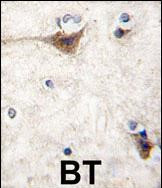 CDH10 Antibody in Immunohistochemistry (Paraffin) (IHC (P))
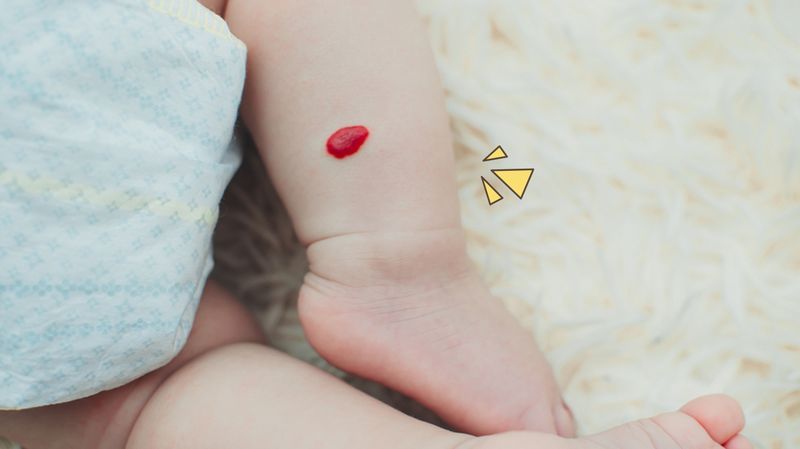 Mengenal Hemangioma, Tumor Jinak pada Bayi yang Bisa Ganggu Pernapasan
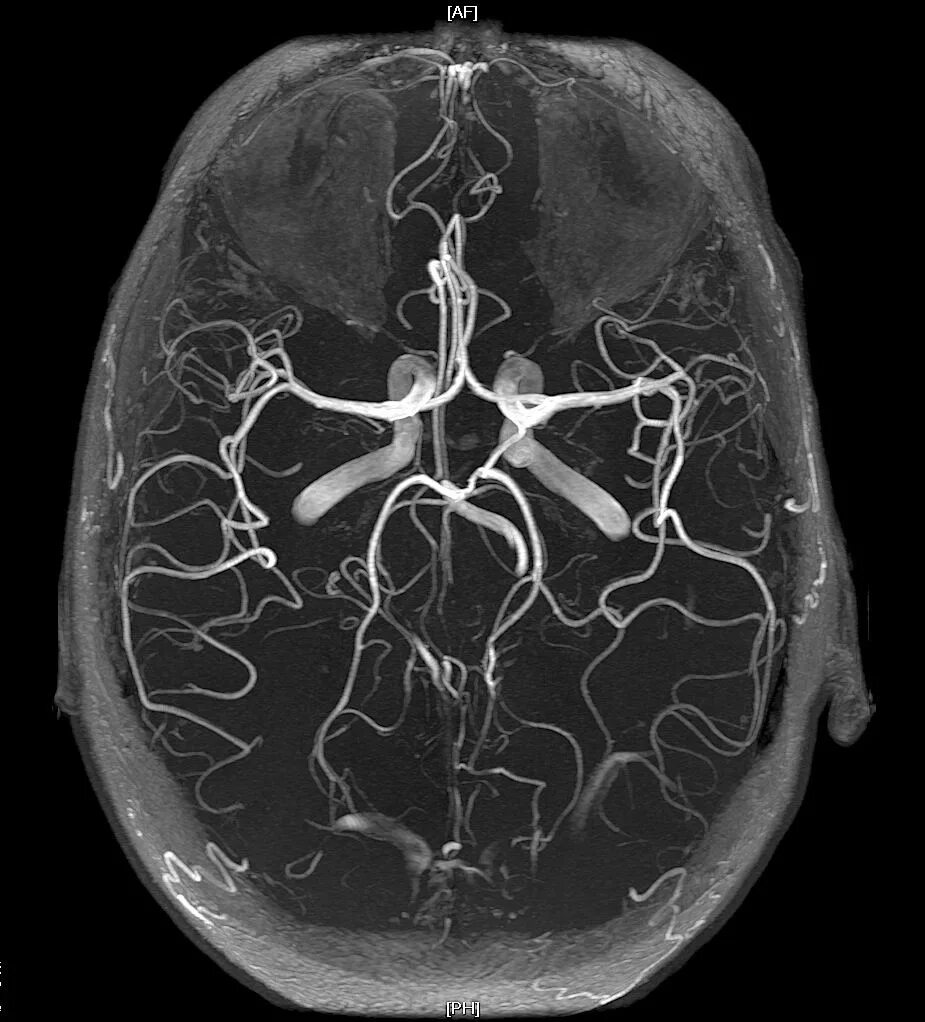 Мрт ангиография сосудов головного. МР-ангиография сосудов головного мозга анатомия. Виллизиев круг ангиография. Мрт головного мозга с ангиографией.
··········
-- Exercise directions --
Please retype the lines from the one that contains "Mengenal Hemangioma, Tumor" through the final line of the data, both included, without any pictures.

-- Expected answer --
 Mengenal Hemangioma, Tumor Jinak pada Bayi yang Bisa Ganggu Pernapasan
 Мрт ангиография сосудов головного. МР-ангиография сосудов головного мозга анатомия. Виллизиев круг ангиография. Мрт головного мозга с ангиографией.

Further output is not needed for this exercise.